By replacing its proprietary MagSafe charging port on the upcoming new MacBook with a USB-C universal port, Apple may be allowing more third-party devices to work with a MacBook.
Apple's upcoming new USB-C port on the company's latest MacBook means that users can employ the same connection for battery charging, USB devices, VGA connectors and data transfer. What it also could mean is that Apple is about to give third-party accessory vendors improved access to the connector so that they can build and offer a wider variety of accessories, including external battery packs.
For years, Apple has held tight controls on its existing proprietary MagSafe charging port connector, which uses small, powerful magnets to keep a MacBook's charging cord attached to the device. The MagSafe design allows the cord to quickly detach itself from the MacBook in the event a user accidentally or carelessly trips over the power cord, preventing certain damage and expense from a dropped and smashed MacBook.
That could be changing, though, according to a March 12 VentureBeat
report that says that Apple will at some point be allowing third-party accessory vendors
to use the new USB-C port to add accessories to the upcoming new MacBooks for users.

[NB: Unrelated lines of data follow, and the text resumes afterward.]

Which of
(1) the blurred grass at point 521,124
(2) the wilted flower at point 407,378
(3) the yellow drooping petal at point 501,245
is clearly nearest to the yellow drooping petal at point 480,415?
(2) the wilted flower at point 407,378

"Third parties will be allowed to create external power sources for the MacBook, so long as they produce enough power to fully charge the computer and comply with some other technical requirements," according to the article.
For MacBook users, this is big because it will open up a world of accessories that they could not use in the past, including external batteries that can power their machines after the built-in batteries run out of juice, extending the usefulness of their machines during long work days.

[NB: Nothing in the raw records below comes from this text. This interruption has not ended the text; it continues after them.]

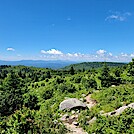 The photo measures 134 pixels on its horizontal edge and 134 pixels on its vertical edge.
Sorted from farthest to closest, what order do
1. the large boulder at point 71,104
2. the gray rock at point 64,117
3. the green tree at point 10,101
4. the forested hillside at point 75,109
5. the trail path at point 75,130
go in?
1. the green tree at point 10,101
2. the large boulder at point 71,104
3. the gray rock at point 64,117
4. the trail path at point 75,130
5. the forested hillside at point 75,109

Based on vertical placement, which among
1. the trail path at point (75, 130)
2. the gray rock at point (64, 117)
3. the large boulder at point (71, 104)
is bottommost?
the trail path at point (75, 130)

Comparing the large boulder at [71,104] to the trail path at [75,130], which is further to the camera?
the large boulder at [71,104]

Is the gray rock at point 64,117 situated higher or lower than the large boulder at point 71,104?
lower

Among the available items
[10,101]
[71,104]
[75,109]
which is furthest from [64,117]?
[10,101]

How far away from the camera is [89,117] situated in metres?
39.8

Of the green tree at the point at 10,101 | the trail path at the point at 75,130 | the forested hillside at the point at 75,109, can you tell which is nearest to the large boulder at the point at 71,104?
the forested hillside at the point at 75,109

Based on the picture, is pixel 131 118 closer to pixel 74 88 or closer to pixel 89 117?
pixel 89 117

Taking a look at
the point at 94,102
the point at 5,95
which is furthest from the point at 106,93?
the point at 5,95

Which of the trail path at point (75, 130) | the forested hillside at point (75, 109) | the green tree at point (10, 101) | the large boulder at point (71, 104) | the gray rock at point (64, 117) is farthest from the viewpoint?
the green tree at point (10, 101)

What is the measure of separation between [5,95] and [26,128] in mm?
37226

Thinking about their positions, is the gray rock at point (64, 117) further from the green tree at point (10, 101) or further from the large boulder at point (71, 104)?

The port change is reminiscent of the changes Apple made back in 2012 when the former 30-pin connector on iPhones was changed to a smaller and simpler new eight-pin Lightning connector, starting with Apple's then-new iPhone 5. For iPhone owners, that meant that the accessories they had bought, collected and used for their previous iPhones would now not plug directly in to their new phones.
The new USB-C port in the upcoming thinner, faster and sleeker MacBook was unveiled on March 9 at Apple's "Spring Forward" event, which was held to showcase the new MacBook and the company's Apple Watch.
The updated MacBook laptop has a super-thin 13.1mm profile and weighs just 2 pounds. The existing MacBook Air is 17.3mm thick, by comparison, an increase of about 24 percent.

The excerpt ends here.